The owner of the Weng Fok company, Ho Weng Cheong, said that he doubted the 2012 report conducted by the three professors and the laboratory, claiming in a recent interview with a Hong Kong magazine that it was invalid.
At the onset of the Sin Fong Garden issue, the three professors from the Hong Kong University and the Hong Kong Castco Laboratory were hired by the Macau SAR Government to investigate and evaluate the safety of the building.
A report then issued by the Hong Kong team later found that an incident on a substandard support pillar was to blame for the collapse.
However, Mr. Ho told media that he have hired other experts from Portugal and Hong Kong to carry out further analysis which highlighted several problems in the report regarding the testing process and the standards used.
Mr. Ho claims the Hong Kong University team did not follow the regulated process on examinations, and that the entire report also lacked the stamp from the Hong Kong Accreditation Services (HKAS).
In addition, as the Hong Kong University team announced the testing results within one day after receiving the sample of the collapsed pillar in 2012, Mr. Ho questioned the validity of the testing.
The company is considering filing a lawsuit in both Macau and Hong Kong courts.

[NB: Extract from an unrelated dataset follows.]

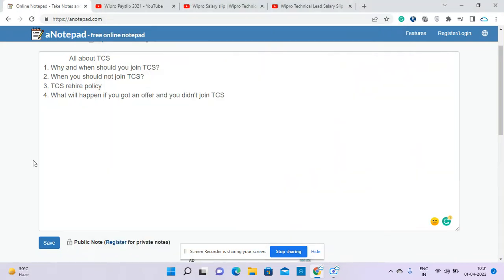Hi everyone, welcome to Cloud Medicine. Today I will discuss some information related to TCS since I got many comments and we do have some perception regarding TCS rehire policy and if you got an offer from TCS whether you'll be blacklisted if you don't join.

Meanwhile, Arnaldo de Oliveira Sales, the guidance engineer of the Sin Fong Garden, claimed that he had reported his doubts about the report to the judiciary organ in Macau in charing the Hong Kong team as well in an interview with local Chinese newspaper Macau Daily.
On the other hand, Wen Fok and three other contractors were charged by the MSAR Government for compensations linked to Sin Fong Garden. The lawsuit will take place on December 4 and 5, 2019.
The Sin Fong Garden residential complex is under reconstruction and is expected to be completed in 2021.